Proof of irrationality of Pi (3.14159...)

Just kidding, you don't specifically need to know these, but can you do these basic proofs? Most math teachers not from really good schools would probably struggle on these.
You think the proof of irrationality of pi is basic?

how old are you..like 12?
12. (Original post by newblood)
You think the proof of irrationality of pi is basic?

how old are you..like 12?
actually nevermind, I meant e.
wrong number

Proof of Pi's irrationality is not basic. Honestly, I think teachers ought to stop telling studnets Pi is irrational though, and stick to square roots as their main example.
13. (Original post by CancerousProblem)
Proof that the shortest distance between two points is always a straight line
I'm under the impression that this is decidedly non-trivial, unless you have the machinery of the Euler-Lagrange equations - if you have an easy proof I'd like to see it.
14. (Original post by Dinaa)
What proofs do we need to know?

Thank you
You will barely be asked prove something out of nowhere, except for a given quadratic equation or inequalities, maybe prove that 3 consecutive points make a right angle triangle.

I would recommend doing an AQA past paper as there are a lot of harder questions to do with those type of proofs I have mentioned (particularly the 3 most recent ones).
15. (Original post by Smaug123)
I'm under the impression that this is decidedly non-trivial, unless you have the machinery of the Euler-Lagrange equations - if you have an easy proof I'd like to see it.
Proof:
Assume the opposite is true
Then the line must be 'bent' or have an angle on at least one point. (A curved line is just an infinite number of angles.)
By the cosine rule the shortest distance across the bend is when the bend is at 180 degrees
ie a straight lien
therefore for any curve that has a bend or vertice not of 180 degrees there is always a curve that exists such that that it is shorter but still reaches the two points
done
16. (Original post by CancerousProblem)
Proof:
Assume the opposite is true
Then the line must be 'bent' or have an angle on at least one point. (A curved line is just an infinite number of angles.)
By the cosine rule the shortest distance across the bend is when the bend is at 180 degrees
ie a straight lien
therefore for any curve that has a bend or vertice not of 180 degrees there is always a curve that exists such that that it is shorter but still reaches the two points
done
I don't like your explanation for curves. As an intuition, fine, but curves can be really weird objects and calling it "just an infinite number of angles" is just asking for trouble. Additionally, I think you're assuming certain differentiability properties on the curve which might not necessarily be present.
17. Im intrigued, what is this supposed to mean?

(Original post by kkboyk)
prove that 3 consecutive points make a right angle triangle.
18. (Original post by newblood)
Im intrigued, what is this supposed to mean?
You are given 3 points let's say they are A, B and C. They form a right angle triangle, and using the knowledge you learn from coordinate geometry you have to prove that they form a right angle triangle.

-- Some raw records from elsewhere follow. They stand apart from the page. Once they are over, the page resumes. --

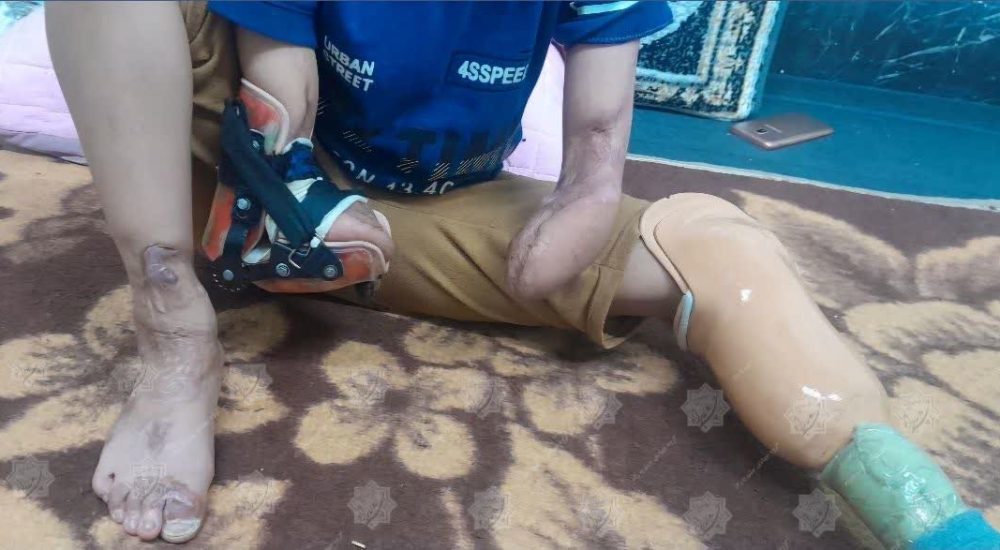 تامین هزینه جراحی دست و پا کودک معلول شده بر اثر برق گرفتگی _ دزفول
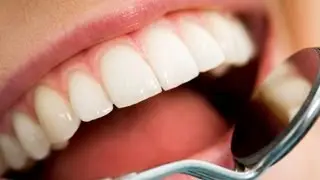 Teeth Whitening by Dr. Carol Ford, Phoenix Cosmetic Dentist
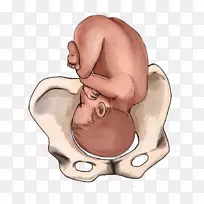 分娩，胎儿位置，婴儿臀位，出生-妊娠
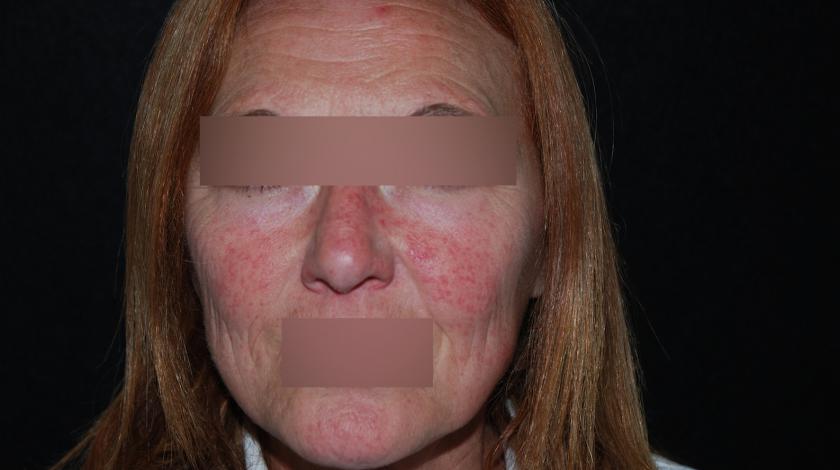 rosacea pre laser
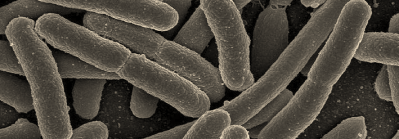 E.coli oubreak update from Northern Ireland agency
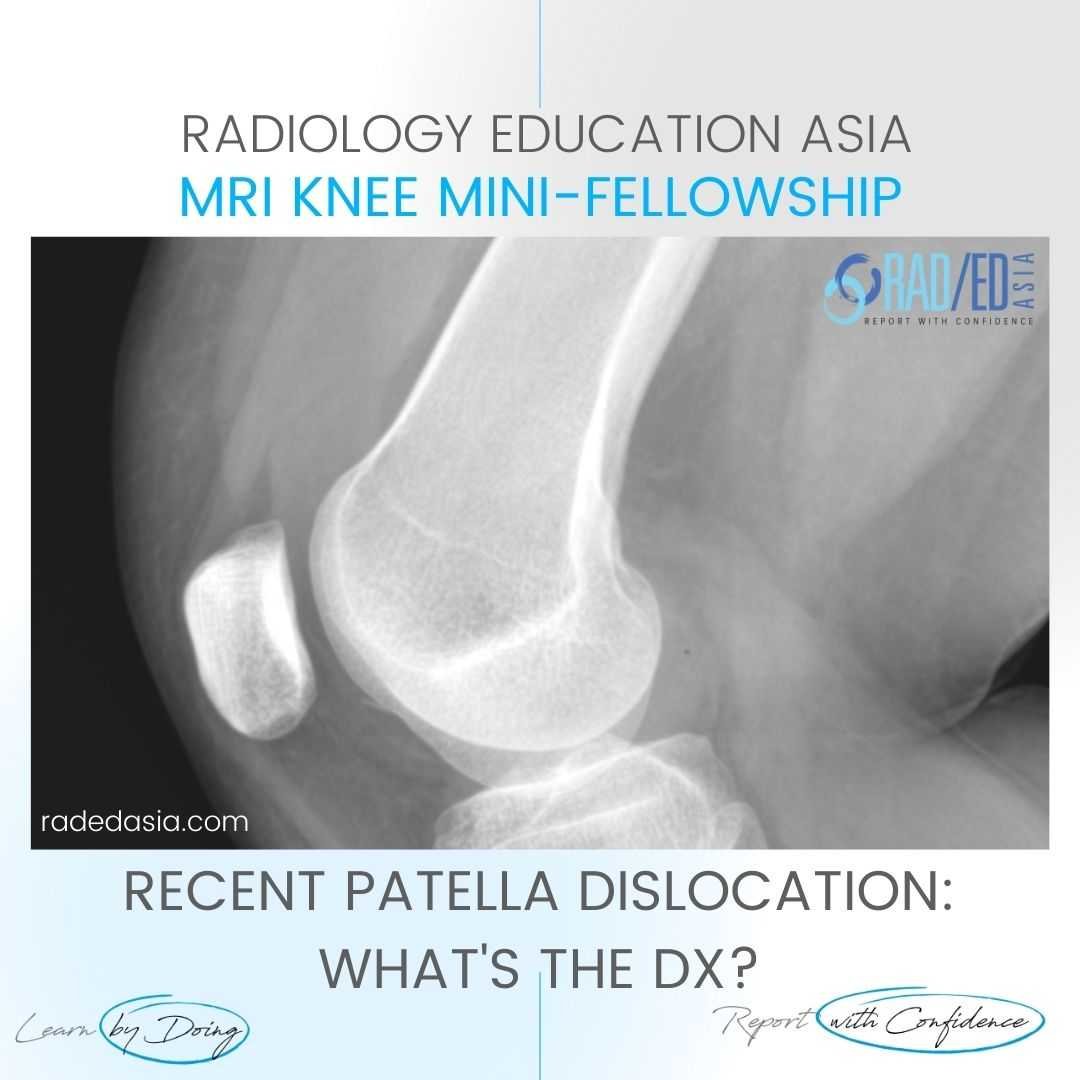 patella dislocation subluxation fracture hemarthrosis lipohemarthrosis radiology mri xray knee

So what you do is find the gradient of the lines joining these points, so the gradient of AB, AC and BC. They form a right angle triangle if the gradient of two of these light are perpendicular and equals -1 if you multiply them together.
19. (Original post by kkboyk)
You are given 3 points let's say they are A, B and C. They form a right angle triangle, and using the knowledge you learn from coordinate geometry you have to prove that they form a right angle triangle.

So what you do is find the gradient of the lines joining these points, so the gradient of AB, AC and BC. They form a right angle triangle if the gradient of two of these light are perpendicular and equals -1 if you multiply them together.
But you said three consecutive points form a right angle triangle. What does consecutive mean in this context?
20. (Original post by newblood)
But you said three consecutive points form a right angle triangle. What does consecutive mean in this context?
Oh sorry ignore it. I made a few errors when writing on my phone so it auto corrected an error into that.